The first big thing that happens when you claim Social Security at 62 is that you shrink your monthly benefit.

At full retirement age (FRA), you are entitled to receive a standard benefit. That standard benefit is an amount based on average wages over the 35 years you earned the most (adjusted for inflation). You will not receive exactly the standard benefit unless you claim at exactly full retirement age, though.

While your FRA varies based on your birth year, it's well after 62 for everyone -- it's 67 for anyone born in 1960 or later. So, if you start checks at 62, you're going to be hit with early-filing penalties.

These penalties result in a monthly reduction in income equal to 5/9 of 1% per month if you're claiming 36 months early or less. If you file for benefits at 62, you'll be more than 36 months ahead of your FRA, though, so for each additional month, you're hit with a penalty of 5/12 of 1%.

The ultimate result: If you claim benefits at 62 with an FRA of 67, you will shrink your standard benefit by 30%. If you were on track for $1,800 per month, you'd end up with only $1,260. The benefit reduction is permanent.

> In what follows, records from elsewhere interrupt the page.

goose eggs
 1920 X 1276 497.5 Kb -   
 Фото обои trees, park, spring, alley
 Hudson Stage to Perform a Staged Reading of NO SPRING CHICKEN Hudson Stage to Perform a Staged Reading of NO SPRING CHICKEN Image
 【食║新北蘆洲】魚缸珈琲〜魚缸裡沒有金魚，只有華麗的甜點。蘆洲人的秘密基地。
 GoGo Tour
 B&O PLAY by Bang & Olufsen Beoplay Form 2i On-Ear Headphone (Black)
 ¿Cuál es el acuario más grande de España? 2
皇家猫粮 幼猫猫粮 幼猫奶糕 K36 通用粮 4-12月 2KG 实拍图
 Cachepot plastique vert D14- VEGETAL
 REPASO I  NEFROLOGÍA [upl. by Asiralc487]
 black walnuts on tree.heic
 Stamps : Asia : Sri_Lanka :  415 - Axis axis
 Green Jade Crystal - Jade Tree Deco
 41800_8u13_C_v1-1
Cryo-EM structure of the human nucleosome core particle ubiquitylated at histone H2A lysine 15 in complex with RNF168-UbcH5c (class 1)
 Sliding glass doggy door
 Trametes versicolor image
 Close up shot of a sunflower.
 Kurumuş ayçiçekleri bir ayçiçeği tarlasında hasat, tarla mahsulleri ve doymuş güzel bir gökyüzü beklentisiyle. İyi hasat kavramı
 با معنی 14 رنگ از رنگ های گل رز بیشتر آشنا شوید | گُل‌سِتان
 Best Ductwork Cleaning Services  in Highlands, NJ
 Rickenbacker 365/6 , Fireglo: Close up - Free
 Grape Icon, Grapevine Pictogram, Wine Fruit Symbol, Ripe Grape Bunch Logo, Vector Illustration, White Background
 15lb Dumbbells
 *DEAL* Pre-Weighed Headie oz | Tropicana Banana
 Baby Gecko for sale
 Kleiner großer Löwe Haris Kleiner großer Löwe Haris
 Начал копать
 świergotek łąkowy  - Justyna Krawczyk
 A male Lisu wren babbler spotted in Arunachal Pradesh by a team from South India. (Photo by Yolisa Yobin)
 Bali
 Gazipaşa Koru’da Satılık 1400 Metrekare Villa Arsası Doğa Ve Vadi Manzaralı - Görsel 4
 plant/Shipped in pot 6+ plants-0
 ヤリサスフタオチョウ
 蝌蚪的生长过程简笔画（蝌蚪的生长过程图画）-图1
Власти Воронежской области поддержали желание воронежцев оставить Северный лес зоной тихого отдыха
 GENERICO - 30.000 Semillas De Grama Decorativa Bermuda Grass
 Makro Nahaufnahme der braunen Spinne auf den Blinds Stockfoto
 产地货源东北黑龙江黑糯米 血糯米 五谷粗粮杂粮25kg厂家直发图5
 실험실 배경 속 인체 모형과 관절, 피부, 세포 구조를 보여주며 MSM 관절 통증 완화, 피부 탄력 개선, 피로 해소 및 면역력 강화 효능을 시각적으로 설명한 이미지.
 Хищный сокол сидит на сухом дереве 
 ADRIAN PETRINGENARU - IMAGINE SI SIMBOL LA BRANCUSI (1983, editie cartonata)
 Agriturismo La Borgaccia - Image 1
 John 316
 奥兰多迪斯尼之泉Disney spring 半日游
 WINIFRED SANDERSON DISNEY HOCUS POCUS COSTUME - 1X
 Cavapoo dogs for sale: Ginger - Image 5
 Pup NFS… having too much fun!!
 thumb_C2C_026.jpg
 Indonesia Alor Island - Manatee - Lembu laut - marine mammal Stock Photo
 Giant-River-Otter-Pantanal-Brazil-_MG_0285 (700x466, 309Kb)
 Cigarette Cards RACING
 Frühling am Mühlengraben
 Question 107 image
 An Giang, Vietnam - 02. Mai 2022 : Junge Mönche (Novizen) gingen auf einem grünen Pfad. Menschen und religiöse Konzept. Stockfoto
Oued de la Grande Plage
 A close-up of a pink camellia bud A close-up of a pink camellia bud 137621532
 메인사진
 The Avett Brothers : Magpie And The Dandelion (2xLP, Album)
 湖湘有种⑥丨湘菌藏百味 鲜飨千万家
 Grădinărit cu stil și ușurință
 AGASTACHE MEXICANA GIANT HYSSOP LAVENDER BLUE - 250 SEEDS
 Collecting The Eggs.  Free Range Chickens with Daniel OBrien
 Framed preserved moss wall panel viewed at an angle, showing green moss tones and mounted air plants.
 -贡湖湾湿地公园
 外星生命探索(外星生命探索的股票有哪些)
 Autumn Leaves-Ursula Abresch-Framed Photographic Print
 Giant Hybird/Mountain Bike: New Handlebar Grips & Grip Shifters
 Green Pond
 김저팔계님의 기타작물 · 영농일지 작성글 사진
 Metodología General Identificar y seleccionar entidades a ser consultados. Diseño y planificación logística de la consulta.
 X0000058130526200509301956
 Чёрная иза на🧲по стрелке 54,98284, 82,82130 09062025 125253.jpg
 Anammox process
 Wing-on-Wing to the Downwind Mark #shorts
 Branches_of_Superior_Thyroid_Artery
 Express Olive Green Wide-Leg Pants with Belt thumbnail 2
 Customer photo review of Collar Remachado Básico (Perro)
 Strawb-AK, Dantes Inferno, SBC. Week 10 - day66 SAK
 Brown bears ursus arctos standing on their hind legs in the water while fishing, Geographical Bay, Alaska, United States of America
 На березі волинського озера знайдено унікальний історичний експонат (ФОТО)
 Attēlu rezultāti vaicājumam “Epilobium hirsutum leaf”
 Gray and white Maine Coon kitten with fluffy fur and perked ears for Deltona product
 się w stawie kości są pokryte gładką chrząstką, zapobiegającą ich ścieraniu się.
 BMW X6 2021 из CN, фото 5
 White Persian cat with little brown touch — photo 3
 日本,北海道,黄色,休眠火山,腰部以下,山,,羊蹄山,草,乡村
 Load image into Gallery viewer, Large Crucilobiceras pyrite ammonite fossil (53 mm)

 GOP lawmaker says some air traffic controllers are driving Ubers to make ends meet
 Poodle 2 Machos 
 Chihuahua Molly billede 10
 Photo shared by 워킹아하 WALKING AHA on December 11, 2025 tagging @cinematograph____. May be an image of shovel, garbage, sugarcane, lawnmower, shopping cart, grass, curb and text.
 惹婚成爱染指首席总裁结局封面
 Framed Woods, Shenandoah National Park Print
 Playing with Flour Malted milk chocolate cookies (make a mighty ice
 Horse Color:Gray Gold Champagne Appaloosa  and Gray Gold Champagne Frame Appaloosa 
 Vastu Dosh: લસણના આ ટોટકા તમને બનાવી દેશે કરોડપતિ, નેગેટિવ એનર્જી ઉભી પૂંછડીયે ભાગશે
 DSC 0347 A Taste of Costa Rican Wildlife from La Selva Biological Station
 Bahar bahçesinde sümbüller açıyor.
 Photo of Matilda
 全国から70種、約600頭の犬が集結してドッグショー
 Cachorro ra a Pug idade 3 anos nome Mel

You aren't ever bumped back up to where you'd have been if you waited to claim. And all future Social Security raises are based on your lower starting benefit.

2. You'll reduce survivor benefits for your spouse

If you're married and were the higher earner, there's another consequence of claiming Social Security at 62: You will potentially reduce your spouse's future income.

See, if you pass away, your spouse will get to keep the higher of the two benefits either of you were earning as survivor benefits.

Your benefits should be higher if you made more throughout your career. However, if you start getting payments at 62 and shrink your checks, your spouse will be left only with this reduced survivor benefit when you are gone.

3. Odds are your lifetime benefits will be lower

Finally, if you claim Social Security at 62, you reduce the odds of maximizing the amount of Social Security you get over your lifetime. Research has shown around 57% of retirees would end up with more total money coming from Social Security if they waited until 70. By contrast, ages 62 or 63 are the optimal choices for only 6.5% of retirees.

Waiting is the best choice for most people because life expectancies have gotten longer since Social Security was established. The program included early-filing penalties and delayed retirement credits to try to equalize lifetime income no matter when you start your checks. But the calculations were based on life expectancies at the time it was created. Since many people live longer now, the odds are in their favor that they'll earn more if they wait.

Now, with a reduced monthly benefit, lower survivor benefits, and a decreased chance of maxing out your lifetime benefits, it may seem clear that you should not start Social Security at 62. And waiting is, indeed, often the right choice.

However, you should consider your own unique situation and goals. If you need Social Security to avoid draining your savings, for example, then you'd likely want to claim, because running out of savings would be worse than the consequences of an early claim. Ultimately, though, delaying is probably best for most people when possible. But you need to do what's right for you given the whole picture.